At the shop, Cichowski does what he does best – baking the good stuff, freeing Donohue to handle the rest of what a small business entails – the bookkeeping, the front of the house and design. Cichowski is old-fashioned in his approach, using simple, high-quality ingredients to create his wide range of offerings. “I use butter, never shortening,” he explains. “It is old-fashioned, but I believe it’s much healthier.”

His freshly baked breads include pumpernickel and European rye, either with or without seeds. Sweet stuff comes in the shape of pretty little glazed fruit tarts, mini lemon-meringue pies, donuts and more. Cichowski’s breakfast pastry options are especially strong, with excellent butter croissants and other more savory versions such as ham and cheese. They have recently expanded their offerings to include sandwiches, along with
hand-dipped caramels and other candies. The expansion complements the bakery’s evolution, as the casual and welcoming space has steadily filled up with cases and wares as their busi-
ness grows.

For Mardi Gras, look for their King Cakes, with filled versions including praline, raspberry and apple. They also do custom birthday and wedding cakes. “Most wedding cakes are really pretty but people don’t want to eat them,” says Donohue. “These both look and taste fabulous.”

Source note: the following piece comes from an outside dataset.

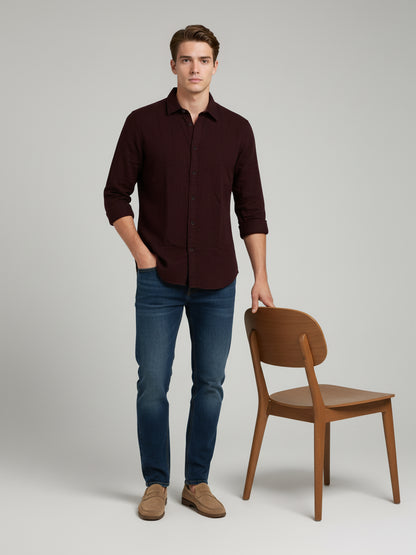 *Celio Men Burgundy Solid Regular Fit Cotton Shirts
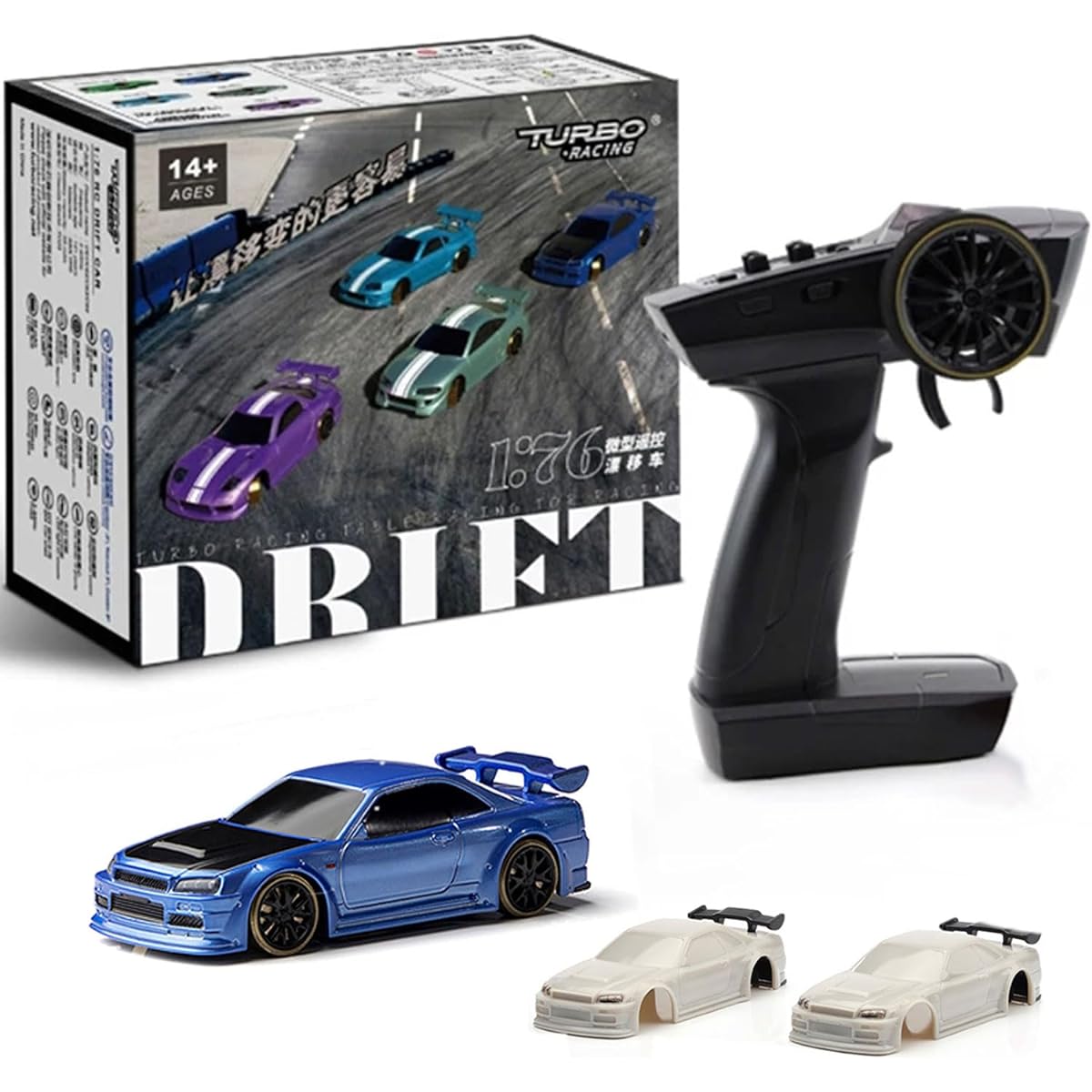 /76 Drift Car Turbo Racing C64 Mini RC Car, 1:76 Full Scale RC Car, Radio Controlled, Equipped with 2.4Ghz Remote Control with Gyroscope, 30 Minutes Continuous Running, LED Headlights, Chassis Lights, Turn Signals, Suitable for Home and Indoor Use (Blue)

If you’re seeking cakes and chocolates, pay Bittersweet Confections a visit. Owner and pastry chef Cheryl Scripter has been hand-rolling a decadent assemblage of truffles since she opened her doors, fittingly enough, on Valentine’s Day, 2008. In her cozy shop you can sit and snack as you watch her and her assistants at work, turning out themed offerings such as the four-piece Royal Street truffle collection, featuring ganaches flavored with 74 percent über-dark chocolate, ginger, Indian Chai and Earl Grey tea. Each truffle is finished with a signature garnish such as an intensely concentrated raspberry or dark cocoa powder. Other truffle flavors include drunken pear, crème brûlée and Meyer lemon. For Valentine’s Day, guys should remember her Martini Glasses filled with chocolates. “The presentation is really pretty,” Scripter says. “Also, I like to do long-stem chocolate-dipped strawberries, depending on availability from local farmers.”